After a few hours of relaxing, we decided on a free walking tour of the city, so I did some research and we picked one focused on World War 2. It wasn’t the greatest walking tour I’ve ever been on, maybe because it was way too cold to be outside for three hours straight, but I did learn quite a bit about the German occupation of the city so that was good.
After the walking tour it was time for pierogies!!! I absolutely adore pierogies and eat them at home all the time, and I didn’t realize that a lot of countries (ie. Australia) don’t really have them or know what they are. We ate pierogies every single day we were in town, including as the very last thing we did before heading to the bus station. SO. GOOD. If you don’t know, they’re basically little dumplings with potato and cheese filling, but we tried some fancier varieties in Krakow: spinach and feta, mushroom and cabbage, etc.
Honestly, most of what we did in Krakow was eat. Usually for the first 2-3 days of travelling long-haul I’m super nauseous and can’t eat (no idea why) so by the time we got to Krakow I had recovered my appetite and was back to eating every 2-3 hours. One highlight was trying a local recommendation, zapiekanka. A girl that worked at our hostel in Prague was actually Polish, so she directed us to Plac Nowy, in the Jewish quarter, where there are tons of stalls selling these giant baguette-type pizzas for under $5. On our way there, I saw a skating rink, and obviously dragged Alex there.
I may be Canadian but I am a horrible skater – luckily I only fell once!! It felt very un-touristy, since we were just in some random square, and it was really fun but surprisingly tiring. We were SUPER ready for zapiekanka when we were done, and it was worth the wait. These were sooo good, but pigeons kept trying to attack us, and I’m terrified of birds, so I kept embarrassing myself by screaming.

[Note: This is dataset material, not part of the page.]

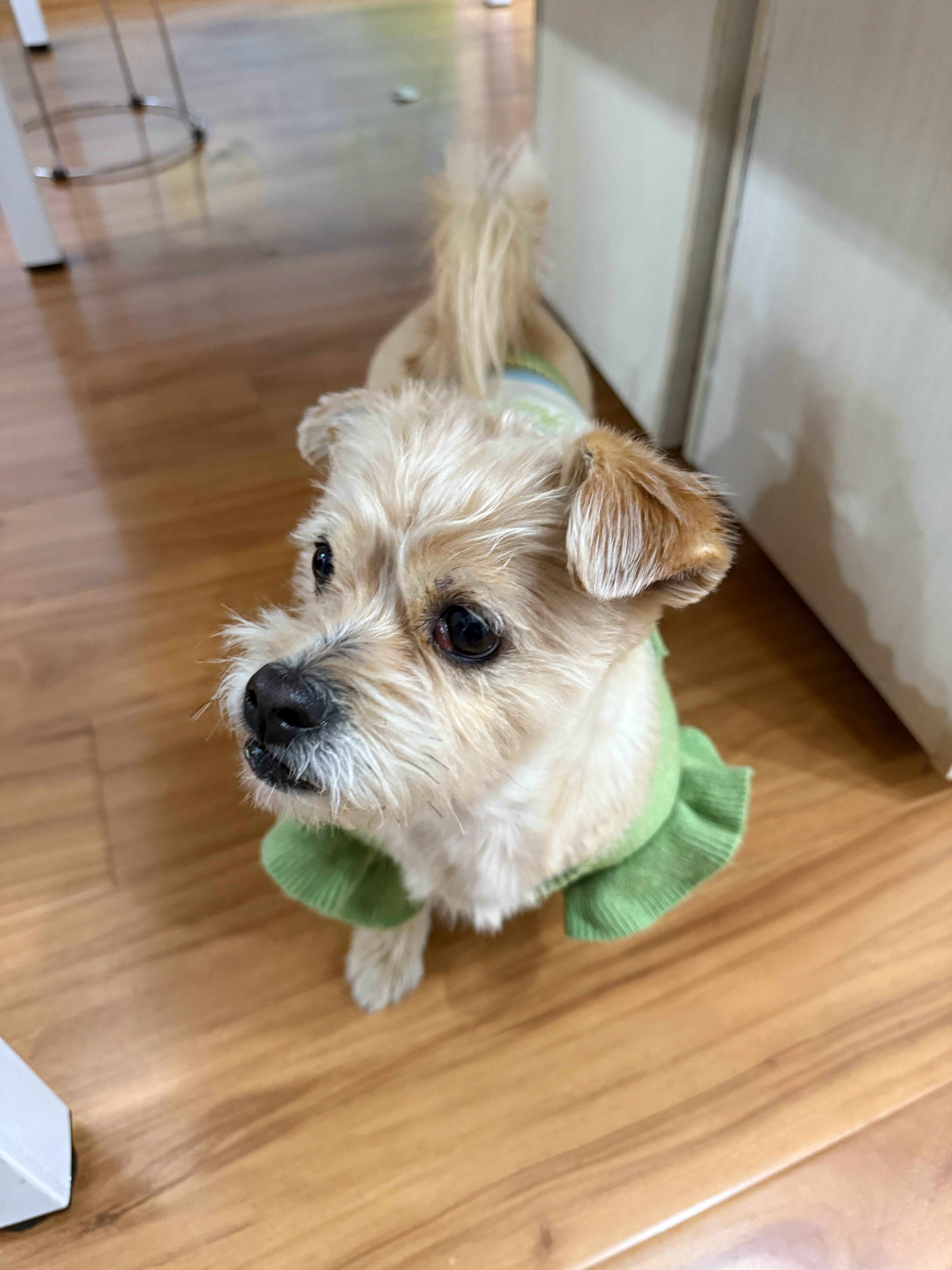 随机👏一只狗让它觉得莫名其妙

The only other real touristy thing we did in Poland was go to Auschwitz. I had been to a concentration camp before, in Munich, but Auschwitz is significantly more famous, larger, and much more depressing. We booked a guided tour, because it felt like one of those places that you should, and were pretty glad we did. I didn’t take any photos, because I was too busy crying. I also don’t really know how to write about the experience, but it was extremely poignant.
If you’re in Krakow and looking to do Auschwitz independently it’s really easy, you can just take the train from the main station directly to Oświęcim and then walk or take the bus to the actual site of the concentration camp. If you need a restaurant nearby we went to Restauracja A la carte and liked it a lot – we were the only diners for a while so we had lovely chats with the staff,f, ate a bunch of pierogies, and watched the world go by.
And that’s pretty much it for Krakow. If I visited in the summer I’m sure I’d spend a lot more time outdoors and doing things, but this trip was a pretty good balance of relaxing at our hostel and braving the cold. Side note, our hostel wasn’t great – probably wouldn’t recommend the Heynow Hostel if you’re looking for any sort of socializing experience. However, the location was incredible since it was so close to the main square. The one downside of being so close to the square is that you hear a bugle call every hour on the hour, from Saint Mary’s Church. Before I knew what it was, I thought I was just having weird dreams or was perhaps feverish, and then it just started to be annoying!! It kind of reminded me of the call to player in Morocco, except a lot less cool.
Poland – I’ll be back to explore more than just one city!